The following is a verbatim excerpt from the report by Jeff Speck (pp.16, 17):
"Downtown Boise benefits from a quite small block size—about 300 feet square—and almost none of these blocks have been consolidated into superblocks, which tend to decrease walkability by focusing traffic on fewer streets, causing them to become too wide. The logic of small blocks suggests that no further block consolidations should be allowed, such as the one currently considered at St. Luke’s, which will significantly undermine the effectiveness of the street grid in that location." —Jeff Speck, CCDC 2013 Downtown Walkability Analysis*
Walkable = Connected = LivableCities everywhere—including Boise—are moving towards deconstructing superblocks—development that 'decreases walkability by focusing traffic onto fewer streets.' That's why It is profoundly confusing for many that we would even contemplate moving in the opposite direction. By allowing the closure of yet another public right-of-way—particularly with so many unanswered questions about the impacts—seems counterproductive from a long-range planning perspective.

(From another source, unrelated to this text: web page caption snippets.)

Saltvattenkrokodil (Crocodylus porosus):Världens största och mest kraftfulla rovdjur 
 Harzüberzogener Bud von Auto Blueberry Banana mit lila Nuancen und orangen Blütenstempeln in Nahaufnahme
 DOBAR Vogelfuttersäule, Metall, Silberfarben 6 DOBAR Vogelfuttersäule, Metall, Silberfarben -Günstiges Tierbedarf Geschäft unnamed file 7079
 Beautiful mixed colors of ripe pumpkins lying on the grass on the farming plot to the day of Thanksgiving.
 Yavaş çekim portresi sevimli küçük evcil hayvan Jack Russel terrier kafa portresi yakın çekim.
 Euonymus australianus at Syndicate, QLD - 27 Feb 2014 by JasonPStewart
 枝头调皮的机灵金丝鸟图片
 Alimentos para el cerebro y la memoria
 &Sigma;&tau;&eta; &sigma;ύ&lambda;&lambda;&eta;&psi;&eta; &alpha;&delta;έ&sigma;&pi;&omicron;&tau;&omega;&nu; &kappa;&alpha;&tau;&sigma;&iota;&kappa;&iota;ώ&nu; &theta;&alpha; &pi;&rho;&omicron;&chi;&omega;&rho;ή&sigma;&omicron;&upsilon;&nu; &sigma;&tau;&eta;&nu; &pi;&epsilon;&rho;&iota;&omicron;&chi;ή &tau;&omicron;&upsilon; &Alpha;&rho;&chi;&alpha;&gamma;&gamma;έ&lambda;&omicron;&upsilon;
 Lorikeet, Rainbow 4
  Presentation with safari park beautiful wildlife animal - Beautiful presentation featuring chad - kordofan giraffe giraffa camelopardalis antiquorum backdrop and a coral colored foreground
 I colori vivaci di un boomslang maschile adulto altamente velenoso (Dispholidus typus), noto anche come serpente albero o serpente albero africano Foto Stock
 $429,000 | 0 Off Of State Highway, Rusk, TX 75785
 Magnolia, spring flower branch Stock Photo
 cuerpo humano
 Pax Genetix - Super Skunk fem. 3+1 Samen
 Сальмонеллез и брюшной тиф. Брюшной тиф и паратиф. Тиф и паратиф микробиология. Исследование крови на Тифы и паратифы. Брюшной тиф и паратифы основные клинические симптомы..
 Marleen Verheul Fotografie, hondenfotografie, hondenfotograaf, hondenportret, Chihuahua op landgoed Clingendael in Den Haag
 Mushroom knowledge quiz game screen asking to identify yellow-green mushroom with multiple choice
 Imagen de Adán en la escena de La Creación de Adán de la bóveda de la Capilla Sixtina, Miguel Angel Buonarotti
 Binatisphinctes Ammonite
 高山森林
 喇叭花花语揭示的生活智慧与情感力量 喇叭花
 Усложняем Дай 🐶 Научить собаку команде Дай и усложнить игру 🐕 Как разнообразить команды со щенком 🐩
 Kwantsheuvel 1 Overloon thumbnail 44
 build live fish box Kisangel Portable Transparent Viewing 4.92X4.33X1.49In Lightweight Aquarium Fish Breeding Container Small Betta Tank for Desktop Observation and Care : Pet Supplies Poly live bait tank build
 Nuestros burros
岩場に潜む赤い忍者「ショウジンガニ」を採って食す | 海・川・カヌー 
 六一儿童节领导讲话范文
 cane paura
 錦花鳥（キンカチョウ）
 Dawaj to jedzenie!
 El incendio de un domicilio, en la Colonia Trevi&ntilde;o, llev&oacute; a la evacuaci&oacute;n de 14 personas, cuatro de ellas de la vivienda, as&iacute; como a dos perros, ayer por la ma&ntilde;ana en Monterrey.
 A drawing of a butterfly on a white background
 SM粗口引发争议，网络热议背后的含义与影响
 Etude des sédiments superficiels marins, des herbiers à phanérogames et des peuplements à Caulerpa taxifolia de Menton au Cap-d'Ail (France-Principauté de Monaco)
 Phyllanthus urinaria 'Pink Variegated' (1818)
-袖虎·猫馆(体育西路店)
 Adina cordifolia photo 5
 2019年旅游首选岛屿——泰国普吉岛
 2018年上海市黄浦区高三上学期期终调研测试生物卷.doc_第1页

The Knight Foundation's Carol Colleta in her keynote presentation to a packed house at the 2015 State of Downtown stressed the importance of a walkable city and neighborhoods, adding that potential homebuyers will pay more for a home with a higher walk score.
In the 'Supplemental Narrative,' St. Luke's attorneys argue that the hospital campus wouldn't constitute a superblock. An overwhelming number of independent urban planners disagree, along with the City of Boise's own Comprehensive Plan (aka Blueprint Boise):
DT-CCN 1.4: URBAN BUILDING FORMS (a) Establish design criteria that require developments built in the CBD to use urban building forms where typically buildings are placed at the sidewalk and create a street wall, street level space is activated with people-oriented uses, and building entrances and openings are oriented to public sidewalks rather than to parking lots. (b) Work with developers to use building massing in Downtown that responds to the traditional pattern of lots within blocks, and creates a collage of buildings in each block rather than full-block megabuildings or “superblocks”.As is evident above, Blueprint Boise expresses our community's value for connectivity, and our aversion to development that creates 'real or perceived barriers to connectivity.'
Goal DT-C 2: Continue to develop a framework of streets, paths and open spaces that builds upon existing networks and strengthen connections to the Boise River and Downtown subdistricts.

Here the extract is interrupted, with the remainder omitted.